THE DATA:
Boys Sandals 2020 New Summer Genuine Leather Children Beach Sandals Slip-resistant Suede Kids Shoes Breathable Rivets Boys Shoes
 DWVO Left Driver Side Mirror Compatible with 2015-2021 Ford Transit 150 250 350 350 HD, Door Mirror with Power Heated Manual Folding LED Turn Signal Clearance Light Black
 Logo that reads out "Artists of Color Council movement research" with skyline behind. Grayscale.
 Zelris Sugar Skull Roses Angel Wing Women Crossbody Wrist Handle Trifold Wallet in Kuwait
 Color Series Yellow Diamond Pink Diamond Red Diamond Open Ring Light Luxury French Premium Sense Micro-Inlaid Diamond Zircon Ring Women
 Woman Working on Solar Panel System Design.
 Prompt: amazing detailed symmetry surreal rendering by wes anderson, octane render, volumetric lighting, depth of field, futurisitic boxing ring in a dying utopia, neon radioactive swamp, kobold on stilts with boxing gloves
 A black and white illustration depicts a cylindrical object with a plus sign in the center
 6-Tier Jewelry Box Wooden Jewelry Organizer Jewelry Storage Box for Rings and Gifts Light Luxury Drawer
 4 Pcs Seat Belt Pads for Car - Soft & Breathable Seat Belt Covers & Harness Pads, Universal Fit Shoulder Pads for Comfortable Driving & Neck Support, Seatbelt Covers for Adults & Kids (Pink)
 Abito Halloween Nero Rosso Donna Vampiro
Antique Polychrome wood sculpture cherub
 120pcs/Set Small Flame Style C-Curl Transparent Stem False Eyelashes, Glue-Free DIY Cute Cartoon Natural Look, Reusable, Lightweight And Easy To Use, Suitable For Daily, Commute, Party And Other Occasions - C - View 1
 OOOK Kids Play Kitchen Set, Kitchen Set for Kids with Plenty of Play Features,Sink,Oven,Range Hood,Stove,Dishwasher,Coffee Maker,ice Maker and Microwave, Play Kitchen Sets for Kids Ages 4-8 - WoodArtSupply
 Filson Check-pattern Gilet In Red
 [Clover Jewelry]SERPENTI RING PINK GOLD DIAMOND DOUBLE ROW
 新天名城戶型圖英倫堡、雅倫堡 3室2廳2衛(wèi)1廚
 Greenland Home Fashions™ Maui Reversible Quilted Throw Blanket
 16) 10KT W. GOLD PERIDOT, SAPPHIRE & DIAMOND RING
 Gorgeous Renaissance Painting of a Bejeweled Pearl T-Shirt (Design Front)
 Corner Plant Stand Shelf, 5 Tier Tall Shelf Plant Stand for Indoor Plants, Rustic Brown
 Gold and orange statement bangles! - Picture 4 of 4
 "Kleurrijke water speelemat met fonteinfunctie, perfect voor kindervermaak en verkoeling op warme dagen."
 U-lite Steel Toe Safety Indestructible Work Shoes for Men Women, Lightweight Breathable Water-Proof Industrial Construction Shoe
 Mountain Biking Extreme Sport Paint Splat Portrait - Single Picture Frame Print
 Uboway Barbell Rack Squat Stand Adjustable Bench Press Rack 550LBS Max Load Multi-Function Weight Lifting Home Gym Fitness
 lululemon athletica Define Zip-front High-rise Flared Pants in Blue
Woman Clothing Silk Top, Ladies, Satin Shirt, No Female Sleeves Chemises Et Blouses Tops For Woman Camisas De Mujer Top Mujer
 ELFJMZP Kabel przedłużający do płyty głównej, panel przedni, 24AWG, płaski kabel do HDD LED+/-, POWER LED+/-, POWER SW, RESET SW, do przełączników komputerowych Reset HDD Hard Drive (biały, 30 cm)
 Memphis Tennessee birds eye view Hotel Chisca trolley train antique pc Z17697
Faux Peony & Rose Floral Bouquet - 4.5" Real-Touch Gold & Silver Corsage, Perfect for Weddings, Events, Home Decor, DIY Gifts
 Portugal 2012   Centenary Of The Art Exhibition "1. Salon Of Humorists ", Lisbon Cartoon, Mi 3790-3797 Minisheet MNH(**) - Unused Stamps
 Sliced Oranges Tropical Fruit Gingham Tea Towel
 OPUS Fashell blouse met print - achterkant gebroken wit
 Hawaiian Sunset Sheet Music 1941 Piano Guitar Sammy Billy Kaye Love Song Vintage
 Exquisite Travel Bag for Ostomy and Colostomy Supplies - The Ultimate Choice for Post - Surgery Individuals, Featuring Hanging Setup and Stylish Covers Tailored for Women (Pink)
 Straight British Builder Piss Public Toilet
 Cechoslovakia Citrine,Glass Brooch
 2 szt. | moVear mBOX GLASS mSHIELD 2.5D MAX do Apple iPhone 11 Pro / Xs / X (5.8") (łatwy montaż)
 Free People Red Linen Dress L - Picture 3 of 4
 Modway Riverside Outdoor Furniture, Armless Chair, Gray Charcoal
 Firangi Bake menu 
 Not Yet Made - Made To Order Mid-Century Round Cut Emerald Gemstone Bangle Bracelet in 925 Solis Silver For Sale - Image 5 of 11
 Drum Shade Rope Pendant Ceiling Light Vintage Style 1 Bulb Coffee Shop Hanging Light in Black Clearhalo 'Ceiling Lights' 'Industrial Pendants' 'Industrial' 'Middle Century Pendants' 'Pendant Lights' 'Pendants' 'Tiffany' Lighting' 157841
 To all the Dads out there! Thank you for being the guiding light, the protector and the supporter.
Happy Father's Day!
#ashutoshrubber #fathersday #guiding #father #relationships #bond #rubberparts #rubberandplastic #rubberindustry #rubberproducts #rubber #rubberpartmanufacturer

REQUIRED ACTION: Give the complete material back, word for word.

SOLUTION FOR THIS EXERCISE:
Boys Sandals 2020 New Summer Genuine Leather Children Beach Sandals Slip-resistant Suede Kids Shoes Breathable Rivets Boys Shoes
 DWVO Left Driver Side Mirror Compatible with 2015-2021 Ford Transit 150 250 350 350 HD, Door Mirror with Power Heated Manual Folding LED Turn Signal Clearance Light Black
 Logo that reads out "Artists of Color Council movement research" with skyline behind. Grayscale.
 Zelris Sugar Skull Roses Angel Wing Women Crossbody Wrist Handle Trifold Wallet in Kuwait
 Color Series Yellow Diamond Pink Diamond Red Diamond Open Ring Light Luxury French Premium Sense Micro-Inlaid Diamond Zircon Ring Women
 Woman Working on Solar Panel System Design.
 Prompt: amazing detailed symmetry surreal rendering by wes anderson, octane render, volumetric lighting, depth of field, futurisitic boxing ring in a dying utopia, neon radioactive swamp, kobold on stilts with boxing gloves
 A black and white illustration depicts a cylindrical object with a plus sign in the center
 6-Tier Jewelry Box Wooden Jewelry Organizer Jewelry Storage Box for Rings and Gifts Light Luxury Drawer
 4 Pcs Seat Belt Pads for Car - Soft & Breathable Seat Belt Covers & Harness Pads, Universal Fit Shoulder Pads for Comfortable Driving & Neck Support, Seatbelt Covers for Adults & Kids (Pink)
 Abito Halloween Nero Rosso Donna Vampiro
Antique Polychrome wood sculpture cherub
 120pcs/Set Small Flame Style C-Curl Transparent Stem False Eyelashes, Glue-Free DIY Cute Cartoon Natural Look, Reusable, Lightweight And Easy To Use, Suitable For Daily, Commute, Party And Other Occasions - C - View 1
 OOOK Kids Play Kitchen Set, Kitchen Set for Kids with Plenty of Play Features,Sink,Oven,Range Hood,Stove,Dishwasher,Coffee Maker,ice Maker and Microwave, Play Kitchen Sets for Kids Ages 4-8 - WoodArtSupply
 Filson Check-pattern Gilet In Red
 [Clover Jewelry]SERPENTI RING PINK GOLD DIAMOND DOUBLE ROW
 新天名城戶型圖英倫堡、雅倫堡 3室2廳2衛(wèi)1廚
 Greenland Home Fashions™ Maui Reversible Quilted Throw Blanket
 16) 10KT W. GOLD PERIDOT, SAPPHIRE & DIAMOND RING
 Gorgeous Renaissance Painting of a Bejeweled Pearl T-Shirt (Design Front)
 Corner Plant Stand Shelf, 5 Tier Tall Shelf Plant Stand for Indoor Plants, Rustic Brown
 Gold and orange statement bangles! - Picture 4 of 4
 "Kleurrijke water speelemat met fonteinfunctie, perfect voor kindervermaak en verkoeling op warme dagen."
 U-lite Steel Toe Safety Indestructible Work Shoes for Men Women, Lightweight Breathable Water-Proof Industrial Construction Shoe
 Mountain Biking Extreme Sport Paint Splat Portrait - Single Picture Frame Print
 Uboway Barbell Rack Squat Stand Adjustable Bench Press Rack 550LBS Max Load Multi-Function Weight Lifting Home Gym Fitness
 lululemon athletica Define Zip-front High-rise Flared Pants in Blue
Woman Clothing Silk Top, Ladies, Satin Shirt, No Female Sleeves Chemises Et Blouses Tops For Woman Camisas De Mujer Top Mujer
 ELFJMZP Kabel przedłużający do płyty głównej, panel przedni, 24AWG, płaski kabel do HDD LED+/-, POWER LED+/-, POWER SW, RESET SW, do przełączników komputerowych Reset HDD Hard Drive (biały, 30 cm)
 Memphis Tennessee birds eye view Hotel Chisca trolley train antique pc Z17697
Faux Peony & Rose Floral Bouquet - 4.5" Real-Touch Gold & Silver Corsage, Perfect for Weddings, Events, Home Decor, DIY Gifts
 Portugal 2012   Centenary Of The Art Exhibition "1. Salon Of Humorists ", Lisbon Cartoon, Mi 3790-3797 Minisheet MNH(**) - Unused Stamps
 Sliced Oranges Tropical Fruit Gingham Tea Towel
 OPUS Fashell blouse met print - achterkant gebroken wit
 Hawaiian Sunset Sheet Music 1941 Piano Guitar Sammy Billy Kaye Love Song Vintage
 Exquisite Travel Bag for Ostomy and Colostomy Supplies - The Ultimate Choice for Post - Surgery Individuals, Featuring Hanging Setup and Stylish Covers Tailored for Women (Pink)
 Straight British Builder Piss Public Toilet
 Cechoslovakia Citrine,Glass Brooch
 2 szt. | moVear mBOX GLASS mSHIELD 2.5D MAX do Apple iPhone 11 Pro / Xs / X (5.8") (łatwy montaż)
 Free People Red Linen Dress L - Picture 3 of 4
 Modway Riverside Outdoor Furniture, Armless Chair, Gray Charcoal
 Firangi Bake menu 
 Not Yet Made - Made To Order Mid-Century Round Cut Emerald Gemstone Bangle Bracelet in 925 Solis Silver For Sale - Image 5 of 11
 Drum Shade Rope Pendant Ceiling Light Vintage Style 1 Bulb Coffee Shop Hanging Light in Black Clearhalo 'Ceiling Lights' 'Industrial Pendants' 'Industrial' 'Middle Century Pendants' 'Pendant Lights' 'Pendants' 'Tiffany' Lighting' 157841
 To all the Dads out there! Thank you for being the guiding light, the protector and the supporter.
Happy Father's Day!
#ashutoshrubber #fathersday #guiding #father #relationships #bond #rubberparts #rubberandplastic #rubberindustry #rubberproducts #rubber #rubberpartmanufacturer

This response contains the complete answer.